Ilıman bir günde, bazı olumlu koşulların aynı anda gerçekleşmesi, buna tesadüf diyebilenler olacaktır, sonucu ilk mikroorganizma hayata gözlerini açtı- bunun bir benzetme olduğunun altını çizmek isterim çünkü bugün tanımladığımıza en yakın olan göz yaklaşık dört yüz milyon yıl sonra oluşacaktır-. Suda yaşam bulan bu ilk canlı bazı mutasyonlar sonucu evrimleşti, gelişti ve o beklenen gün geldi çattı. Yaşamın karaya taşınması için gereken o ilk adım Tiktaalik tarafından atıldı. Devam eden evrim sürecinde bugün iskeletlerine ulaşabildiğimiz dinozorlar dünyaya bir süreliğine hakim oldu. Bu canlıların yok oluşuna üzülmek, karınlarını büyük atalarımızla doyurdukları için, pek akıllı bir tercih olmayacaktır çünkü şayet o göktaşı onları öldürmeseydi, bugün bu satırları yazamayacaktım.
Değişen çevre koşulları genetik bilgilerimizde değişim yarattı, hikayenin başından beri buna en fazla neden olan faktörlerden birisi yıldızlararası uzaydan gelen yabancı maddeler ve ışınlardı. Kısa bir zaman önce, ilk kıvılcımı yaktık ve o ilk kıvılcım doğaya gözdağı verdiğimiz ilk an oldu: Yeni bir devir başlıyordu. Yıllarca savaştık, avladık, yendik ve yenildik. Çok az zaman önce aynanın karşısına geçtik ve hikayemizi merak ettik. İlerlemeye, sormaya, sorgulamaya ve yeni bulgular bulmaya devam ediyoruz, bu yolun çok başındayız.
Biz insanlar, bu evrende değerli olduğumuz kadar değersiz; bizi meydana getiren bu süreç kısa olduğu kadar uzundur. Bu, imkansız olduğu kadar basittir; aradığımız türde yaşamın oluşması hak ettiği kadar zor ve önemsenmeyecek kadar kolaydır. Bizler, yıldızların mezarında onların kalıntıları sayesinde nefes alıyoruz. Ünlü Astrofizikçi Neil deGrasse Tyson, bu konuyu birkaç cümlede şu şekilde özetliyor:
“Aslında biz evrenin içindeyiz ve evren de bizim içimizde.”

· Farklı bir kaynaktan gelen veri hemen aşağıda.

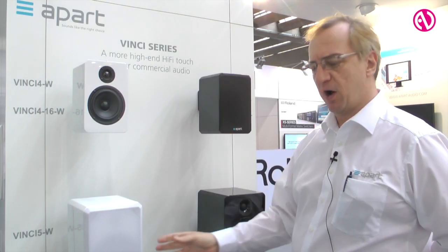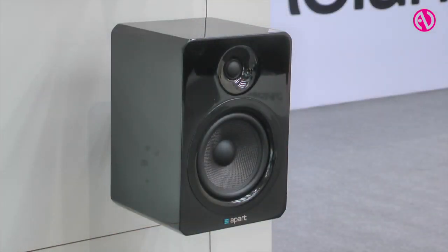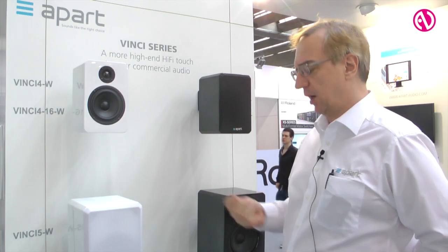We also have in the range the Vinci 5, the subwoofer, and the Vinci 7. That's the new part of the Vinci range. I hope you find it useful.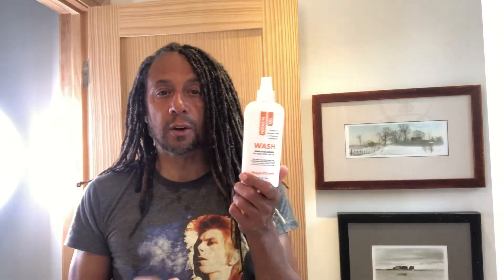I just want to reiterate: Noggin Oil wash — vegan, super healthy, fast, and it's the only showerless wash for locks, braids, and extensions on the market. And I'm sure once you try it, you're going to just love it.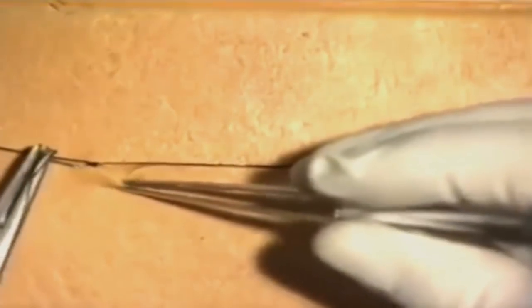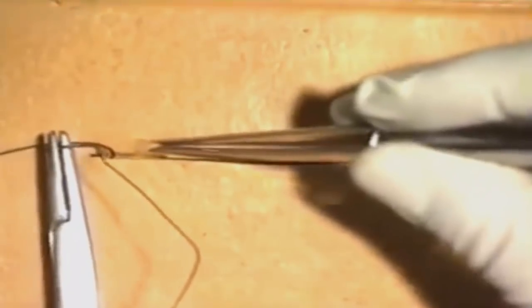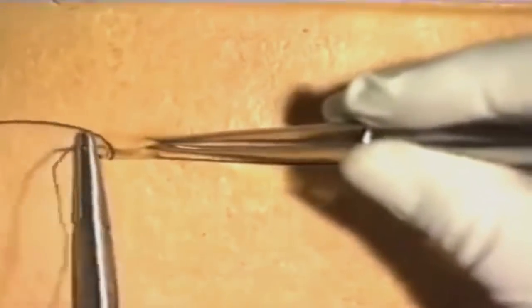Take a small bite of the subcuticular material and pull the suture through. Then on the opposite side of the wound, insert a similar subcuticular bite of the suture material and gently work up the wound, ensuring that each bite does not go too deep into the tissues.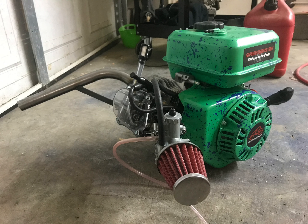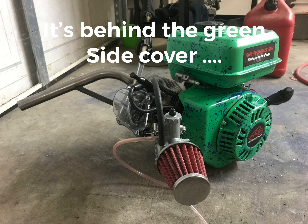The stock valve springs are 10 pounds. When you take the governor out, having stronger springs helps a lot. So I suggest the 18 pound springs. The last piece is the ARC billet flywheel.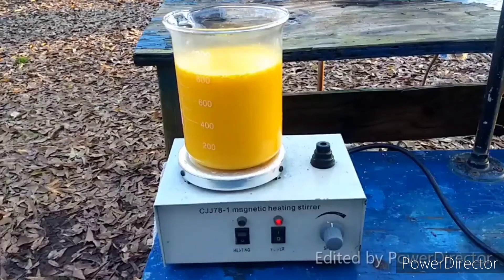There you go — arsenic trisulfide. What I'll do is filter this off and dry it. Then I will use it to make sodium thioarsenate, just because to my knowledge, nobody has done that on YouTube or Bitchute before. So, cool.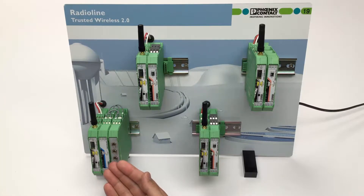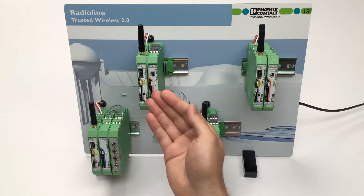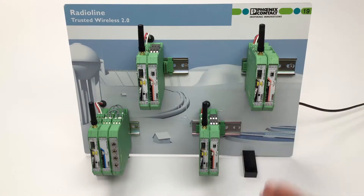You will need to install an input module next to the Radioline master. At each remote station, you will install a Radioline repeater slave with an output module.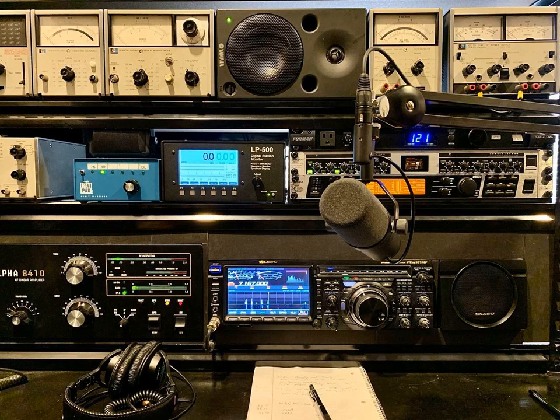Running 200 watts right now into an inverted V from Lake Hughes, California, and recording on the KSF Web SDR. Making a recording, an MP3, so I can hear myself, since the band is really good right now and fairly quiet.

Yaşam öykümüz, hiç şüphesiz duymaya tanıklık ettiğim en keyifli hikaye. Duymaktan bıkmak, dinlemek istememek ve merak etmemek bir yıldız tozu için tanıdığım en büyük utançlardan birisidir. Gerçeklere ve kanıtlara kulak tıkayanlar ise, var olmanın onurunu hiçbir zaman yaşayamayacaklardır. Bu satırları belki birkaç on sene sonra okuduğunuzda gülecek; bilimin bir zamanlar bu denli emin bir şekilde yanılmış olduğunu hayret içinde karşılayacaksınız. Tarih, bunlardan oluşur; yanılgılar doğruları doğurur fakat bu gerçekleri kabul etmek bizi asla küçük düşürmez. Sadece bunu reddetmek, bizi zaman kaybına sürükler; hakikat, ağacın dalından koparıp sefasını sürebileceğiniz bir şey değildir. Bugünkü bilgilerimizi onlardan vazgeçemeyeceğimiz inançlar haline getirmek ve doğru yolun bulduğumuz yol olduğundan şüphe duymamak da, tarihten ders almadığımızı ispatlar. Yazımı Carl Sagan’ın, hayat felsefesi olup duvarlara kazınabilecek, okul kitaplarına yazılabilecek tümcesiyle noktalayacağım:
“İnanmak istemiyorum, bilmek istiyorum.”
*: Bu varsayım, bilim çevresinde en makul görülenidir. İspatlanamamış olsa da oldukça kabul gördüğünü söylemeliyiz.